OSDI'20 | A Unified Architecture for Accelerating Distributed DNN Training in Heterogeneous GPU/CPU Clusters

[ganler]

https://static.sched.com/hosted_files/usenixosdi20/00/osdi20-jiang.pdf

[ganler]

Prev data-parallel approaches

• All-Reduce among GPU workers => GPU-GPU bandwidth only
• Parameter Server. (gradients were sent to the CPU worker to update the parameters) => CPU-GPU bandwidth only

In BytePS, the servers are bandwidth or CPU servers. (for other systems, they may directly use a GPU as a server)

What did BytePS do

Fully utilize CPU-GPU + GPU-GPU bandwidth + CPU utilization.

Key idea: Combine PS + All-Reduce.

Observation: As is said in BytePS, the bottleneck of collective communication is CPU-PICe data transfer. (CPU0-P0)

For naive all-reduce, there's (N-1) / k communication workload in the bottleneck.

Step 1: Local Reduce-Scatter:

We do only 1 round of All-reduce locally:

GPUs(say there're k GPUs) using the same PCIe switch talk to each other. i.e., device N send 1 over N of its gradients to device N+1. Then each device holds M/k merged gradients.

Step 2: merged grad => host memory

Step 3: QPI merge

Thus (N-1)/k => 1/k * k = 1 (N is the number of total GPUs. k is the number of GPUs in one group)

[ganler]

Solution for CPU bottleneck

Current optimzation methods are usually considered heavy for CPU processors.
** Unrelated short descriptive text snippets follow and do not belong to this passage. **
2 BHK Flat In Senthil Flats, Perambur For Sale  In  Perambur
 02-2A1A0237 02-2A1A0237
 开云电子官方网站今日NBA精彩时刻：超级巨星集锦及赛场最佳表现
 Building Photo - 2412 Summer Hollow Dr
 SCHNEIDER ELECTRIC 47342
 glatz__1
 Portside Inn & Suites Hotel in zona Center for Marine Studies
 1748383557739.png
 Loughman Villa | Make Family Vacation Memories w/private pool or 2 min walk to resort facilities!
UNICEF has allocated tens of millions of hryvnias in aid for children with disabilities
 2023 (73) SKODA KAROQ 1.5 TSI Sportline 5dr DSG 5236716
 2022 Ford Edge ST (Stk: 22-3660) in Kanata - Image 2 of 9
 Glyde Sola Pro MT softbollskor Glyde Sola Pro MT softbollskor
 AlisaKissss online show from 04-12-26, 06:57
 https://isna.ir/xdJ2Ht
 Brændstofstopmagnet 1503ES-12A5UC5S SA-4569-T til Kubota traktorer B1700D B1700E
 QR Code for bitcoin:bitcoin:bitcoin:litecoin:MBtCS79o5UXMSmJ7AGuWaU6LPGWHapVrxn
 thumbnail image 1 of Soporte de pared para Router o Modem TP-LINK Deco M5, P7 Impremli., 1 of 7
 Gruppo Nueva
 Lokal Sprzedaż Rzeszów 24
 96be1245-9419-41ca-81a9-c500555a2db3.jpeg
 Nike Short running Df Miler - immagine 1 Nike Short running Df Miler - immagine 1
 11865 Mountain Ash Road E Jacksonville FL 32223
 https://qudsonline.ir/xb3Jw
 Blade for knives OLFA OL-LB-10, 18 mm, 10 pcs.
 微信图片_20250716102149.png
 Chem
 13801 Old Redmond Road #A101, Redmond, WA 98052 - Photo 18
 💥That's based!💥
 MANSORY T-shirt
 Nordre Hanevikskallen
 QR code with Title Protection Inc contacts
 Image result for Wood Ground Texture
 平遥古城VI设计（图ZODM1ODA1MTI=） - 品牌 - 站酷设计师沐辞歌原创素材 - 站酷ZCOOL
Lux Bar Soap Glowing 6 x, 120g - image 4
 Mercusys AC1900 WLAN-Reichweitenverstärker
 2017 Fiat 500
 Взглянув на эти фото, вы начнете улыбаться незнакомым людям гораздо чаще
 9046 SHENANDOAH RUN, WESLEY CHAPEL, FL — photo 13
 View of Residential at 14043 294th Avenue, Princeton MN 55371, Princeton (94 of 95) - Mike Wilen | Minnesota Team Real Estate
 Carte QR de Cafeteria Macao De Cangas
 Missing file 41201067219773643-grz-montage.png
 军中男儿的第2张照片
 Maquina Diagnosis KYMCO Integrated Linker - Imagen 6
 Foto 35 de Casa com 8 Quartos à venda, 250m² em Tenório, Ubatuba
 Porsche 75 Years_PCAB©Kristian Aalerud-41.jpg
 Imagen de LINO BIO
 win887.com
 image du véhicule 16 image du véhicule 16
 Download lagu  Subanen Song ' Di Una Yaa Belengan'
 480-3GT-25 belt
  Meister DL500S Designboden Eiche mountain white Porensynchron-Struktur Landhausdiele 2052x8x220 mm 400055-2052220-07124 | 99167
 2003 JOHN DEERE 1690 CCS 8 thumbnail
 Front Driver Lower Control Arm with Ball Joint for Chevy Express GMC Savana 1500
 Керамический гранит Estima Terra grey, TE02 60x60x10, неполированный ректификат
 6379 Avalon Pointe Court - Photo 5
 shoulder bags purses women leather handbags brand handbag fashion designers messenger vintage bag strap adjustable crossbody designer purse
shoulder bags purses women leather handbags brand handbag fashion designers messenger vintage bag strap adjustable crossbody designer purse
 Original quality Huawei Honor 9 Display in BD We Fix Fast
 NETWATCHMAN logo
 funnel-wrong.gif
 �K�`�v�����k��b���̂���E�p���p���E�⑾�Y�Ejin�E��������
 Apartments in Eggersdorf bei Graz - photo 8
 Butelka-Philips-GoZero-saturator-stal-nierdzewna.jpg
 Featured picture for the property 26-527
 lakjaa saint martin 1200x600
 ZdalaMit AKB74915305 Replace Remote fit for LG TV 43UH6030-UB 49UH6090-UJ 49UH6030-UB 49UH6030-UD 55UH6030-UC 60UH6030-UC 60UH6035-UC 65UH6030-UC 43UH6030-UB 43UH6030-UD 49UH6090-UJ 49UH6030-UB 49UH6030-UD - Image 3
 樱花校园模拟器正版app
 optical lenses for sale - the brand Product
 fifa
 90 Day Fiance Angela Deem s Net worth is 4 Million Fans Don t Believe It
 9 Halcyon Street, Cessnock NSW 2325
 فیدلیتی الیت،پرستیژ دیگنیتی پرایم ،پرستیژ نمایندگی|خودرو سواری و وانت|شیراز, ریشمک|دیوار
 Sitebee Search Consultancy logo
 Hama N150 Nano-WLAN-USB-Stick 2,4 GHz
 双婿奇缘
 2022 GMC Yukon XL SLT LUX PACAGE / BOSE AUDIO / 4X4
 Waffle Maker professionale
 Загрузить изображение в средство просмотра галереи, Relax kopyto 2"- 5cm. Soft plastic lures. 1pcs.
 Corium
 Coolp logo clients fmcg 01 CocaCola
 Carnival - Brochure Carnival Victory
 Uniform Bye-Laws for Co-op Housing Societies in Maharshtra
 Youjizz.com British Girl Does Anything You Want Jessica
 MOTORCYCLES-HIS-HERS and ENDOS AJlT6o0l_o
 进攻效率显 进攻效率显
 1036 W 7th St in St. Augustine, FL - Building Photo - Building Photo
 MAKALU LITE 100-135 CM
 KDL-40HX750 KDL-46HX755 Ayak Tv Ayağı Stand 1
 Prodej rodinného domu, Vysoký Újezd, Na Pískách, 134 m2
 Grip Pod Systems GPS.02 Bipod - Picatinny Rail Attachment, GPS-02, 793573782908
So what does the optimization step typically do?

• Sum: to aggregate the gradients. i.e., dw = \sum dw_i
• Update: Given the new gradients, update the model parameters. i.e., w += dw

Sum is easy for CPU as instructions like AVX is optimized for such workloads. However, the update stage is too heavy for CPUs. Thus, BytePS proposed the Summation Service as the server in the PS architecture. (i.e., move the heavy computing part to powerful GPUs, and only use CPUs to perform sum operations)

Thus: CPUs and GPUs provide different kinds of services. i.e., do things they are good at.